DATA SEGMENT —
========

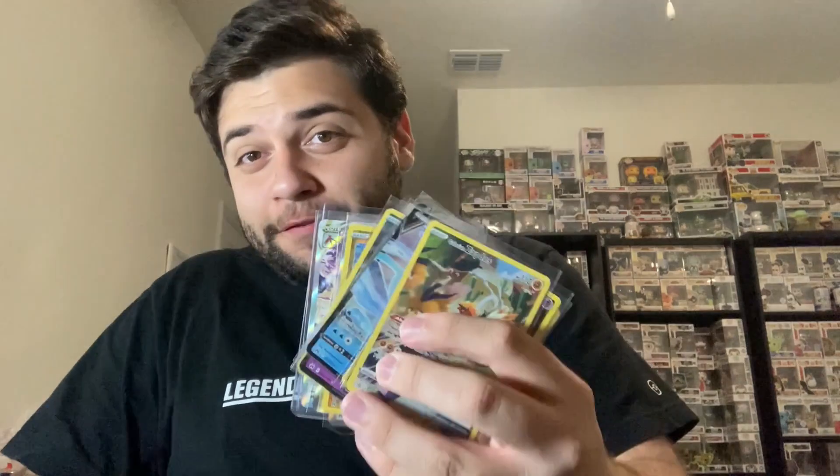We technically made our value back, which is very rare when opening any Pokemon sealed product, so we're definitely very happy. We're keeping most of these cards in our collection. Thank you all so much for watching — if you'd like to see more videos like this, hit that subscribe button, comment below your opinions, and leave a like. We'll see you on the next one!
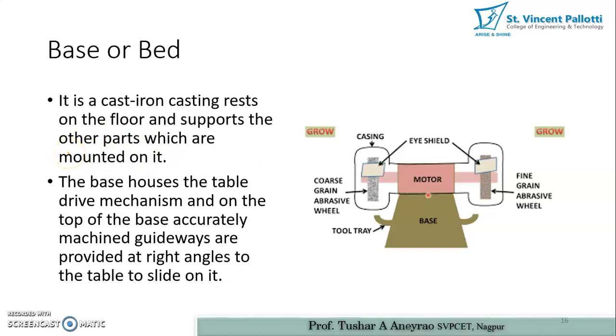The base is a cast iron casting that rests on the floor and supports all other parts mounted on it. It is made of cast iron to provide high load-bearing capacity. The base houses the table drive mechanism, and on top of the base, accurately machined guideways are provided at right angles to the table to allow it to slide.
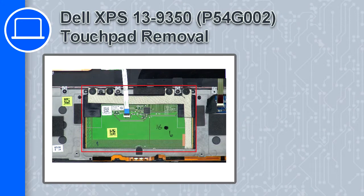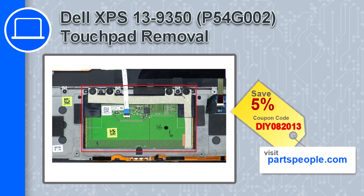What's up, this is Ricardo and in this video I'll show you how to remove the touchpad from a Dell XPS 13 version 9350. If you're looking for parts for this laptop, go to our website and use this coupon for a 5% off discount.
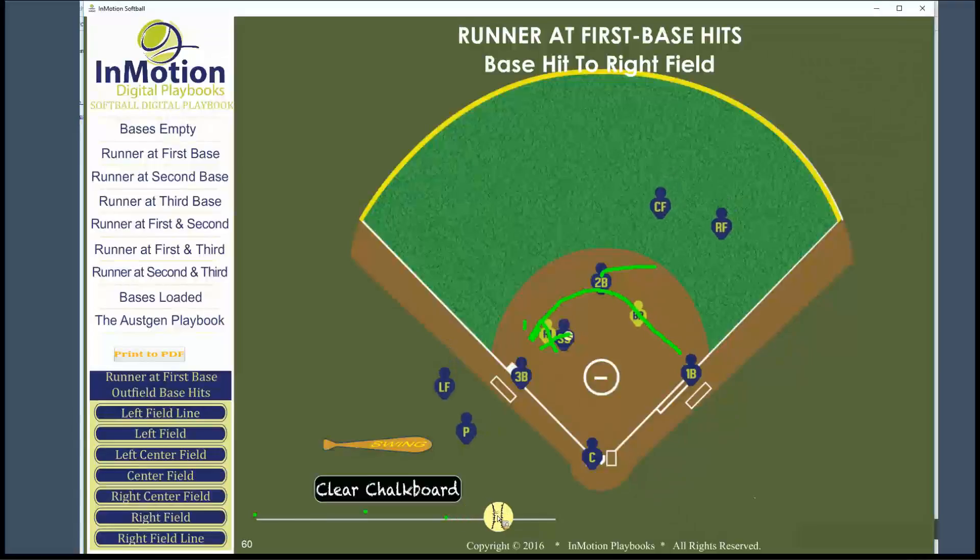They can listen to the third baseman behind them saying whether they have a play at third base or not. If they have a play, they can let the ball go through. If they don't, they're going to cut this throw and take it back to second base to get the batter runner.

========

ACTIVITY —
Make an exact reproduction of the listing above, without any pictures.

REPLY —
We technically made our value back, which is very rare when opening any Pokemon sealed product, so we're definitely very happy. We're keeping most of these cards in our collection. Thank you all so much for watching — if you'd like to see more videos like this, hit that subscribe button, comment below your opinions, and leave a like. We'll see you on the next one!
The base is a cast iron casting that rests on the floor and supports all other parts mounted on it. It is made of cast iron to provide high load-bearing capacity. The base houses the table drive mechanism, and on top of the base, accurately machined guideways are provided at right angles to the table to allow it to slide.
What's up, this is Ricardo and in this video I'll show you how to remove the touchpad from a Dell XPS 13 version 9350. If you're looking for parts for this laptop, go to our website and use this coupon for a 5% off discount.
They can listen to the third baseman behind them saying whether they have a play at third base or not. If they have a play, they can let the ball go through. If they don't, they're going to cut this throw and take it back to second base to get the batter runner.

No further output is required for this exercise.